• What you have to do
The line containing "circles - Sizzix" marks the start, and the last line of the records below marks the end. Print that run exactly and nothing else.

(Crawled caption data)
══════

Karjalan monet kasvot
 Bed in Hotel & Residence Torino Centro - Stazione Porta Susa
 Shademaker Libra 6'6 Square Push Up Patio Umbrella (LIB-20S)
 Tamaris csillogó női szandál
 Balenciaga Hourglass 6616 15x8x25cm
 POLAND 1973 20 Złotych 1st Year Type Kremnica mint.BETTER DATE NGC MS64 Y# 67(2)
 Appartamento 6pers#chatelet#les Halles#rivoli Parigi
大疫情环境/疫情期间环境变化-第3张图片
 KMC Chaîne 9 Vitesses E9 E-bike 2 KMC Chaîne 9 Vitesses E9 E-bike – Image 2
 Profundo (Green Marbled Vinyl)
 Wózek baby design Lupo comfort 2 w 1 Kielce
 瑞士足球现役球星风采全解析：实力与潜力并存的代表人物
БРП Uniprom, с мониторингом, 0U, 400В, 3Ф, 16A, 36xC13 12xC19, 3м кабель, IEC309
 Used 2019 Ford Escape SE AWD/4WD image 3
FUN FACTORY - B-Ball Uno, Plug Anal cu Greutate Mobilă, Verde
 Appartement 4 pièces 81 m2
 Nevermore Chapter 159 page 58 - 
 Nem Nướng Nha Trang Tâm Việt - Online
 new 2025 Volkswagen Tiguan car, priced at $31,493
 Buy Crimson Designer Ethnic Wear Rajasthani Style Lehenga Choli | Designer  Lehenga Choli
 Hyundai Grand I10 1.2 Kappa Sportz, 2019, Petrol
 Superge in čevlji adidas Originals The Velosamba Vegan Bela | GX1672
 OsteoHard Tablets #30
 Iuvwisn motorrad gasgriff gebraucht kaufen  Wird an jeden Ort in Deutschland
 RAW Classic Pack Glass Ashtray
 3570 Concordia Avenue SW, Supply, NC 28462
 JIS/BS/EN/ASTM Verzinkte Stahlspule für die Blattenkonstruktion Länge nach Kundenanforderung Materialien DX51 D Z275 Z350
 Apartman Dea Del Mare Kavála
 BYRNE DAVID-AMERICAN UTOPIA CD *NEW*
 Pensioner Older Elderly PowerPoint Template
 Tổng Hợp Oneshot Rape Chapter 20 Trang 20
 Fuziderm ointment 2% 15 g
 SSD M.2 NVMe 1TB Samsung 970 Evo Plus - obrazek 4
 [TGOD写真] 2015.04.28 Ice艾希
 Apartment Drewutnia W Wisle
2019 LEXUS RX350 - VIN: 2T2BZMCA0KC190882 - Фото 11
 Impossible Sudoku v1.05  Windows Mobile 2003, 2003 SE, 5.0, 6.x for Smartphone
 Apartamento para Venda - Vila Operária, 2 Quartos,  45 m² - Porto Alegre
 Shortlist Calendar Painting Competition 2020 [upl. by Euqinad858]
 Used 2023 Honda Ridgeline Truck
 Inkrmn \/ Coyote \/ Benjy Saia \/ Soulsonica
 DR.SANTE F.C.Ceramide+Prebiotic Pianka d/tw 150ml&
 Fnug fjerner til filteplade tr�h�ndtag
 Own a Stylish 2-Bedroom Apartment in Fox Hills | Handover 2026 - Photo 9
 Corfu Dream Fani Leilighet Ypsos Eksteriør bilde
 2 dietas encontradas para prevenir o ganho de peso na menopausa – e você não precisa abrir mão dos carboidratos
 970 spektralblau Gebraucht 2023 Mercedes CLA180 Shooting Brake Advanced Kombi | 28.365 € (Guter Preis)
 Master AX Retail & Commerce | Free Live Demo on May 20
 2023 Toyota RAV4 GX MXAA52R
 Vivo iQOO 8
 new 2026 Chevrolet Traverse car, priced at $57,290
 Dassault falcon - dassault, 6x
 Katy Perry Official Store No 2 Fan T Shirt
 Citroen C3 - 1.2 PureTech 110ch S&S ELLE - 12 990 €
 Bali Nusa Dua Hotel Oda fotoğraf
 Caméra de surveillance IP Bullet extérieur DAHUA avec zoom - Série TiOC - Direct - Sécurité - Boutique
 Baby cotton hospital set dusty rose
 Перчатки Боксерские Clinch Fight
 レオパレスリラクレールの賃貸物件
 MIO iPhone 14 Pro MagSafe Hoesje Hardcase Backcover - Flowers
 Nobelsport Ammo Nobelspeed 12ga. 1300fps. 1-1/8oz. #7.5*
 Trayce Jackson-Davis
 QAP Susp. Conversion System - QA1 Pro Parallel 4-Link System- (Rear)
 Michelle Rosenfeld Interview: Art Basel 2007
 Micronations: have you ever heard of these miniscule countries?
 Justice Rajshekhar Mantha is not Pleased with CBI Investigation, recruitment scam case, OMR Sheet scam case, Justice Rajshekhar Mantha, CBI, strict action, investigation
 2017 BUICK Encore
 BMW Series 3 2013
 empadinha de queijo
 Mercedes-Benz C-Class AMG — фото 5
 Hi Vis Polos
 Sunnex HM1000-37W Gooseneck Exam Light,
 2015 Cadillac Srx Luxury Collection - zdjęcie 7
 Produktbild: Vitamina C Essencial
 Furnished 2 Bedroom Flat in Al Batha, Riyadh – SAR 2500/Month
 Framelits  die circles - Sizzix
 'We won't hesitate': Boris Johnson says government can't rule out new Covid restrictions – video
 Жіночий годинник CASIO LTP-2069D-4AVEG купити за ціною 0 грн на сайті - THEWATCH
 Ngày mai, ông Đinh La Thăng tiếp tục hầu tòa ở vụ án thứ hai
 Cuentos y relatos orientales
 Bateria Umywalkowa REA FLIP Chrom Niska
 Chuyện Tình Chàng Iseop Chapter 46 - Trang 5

══════

• Reply
 Framelits  die circles - Sizzix
 'We won't hesitate': Boris Johnson says government can't rule out new Covid restrictions – video
 Жіночий годинник CASIO LTP-2069D-4AVEG купити за ціною 0 грн на сайті - THEWATCH
 Ngày mai, ông Đinh La Thăng tiếp tục hầu tòa ở vụ án thứ hai
 Cuentos y relatos orientales
 Bateria Umywalkowa REA FLIP Chrom Niska
 Chuyện Tình Chàng Iseop Chapter 46 - Trang 5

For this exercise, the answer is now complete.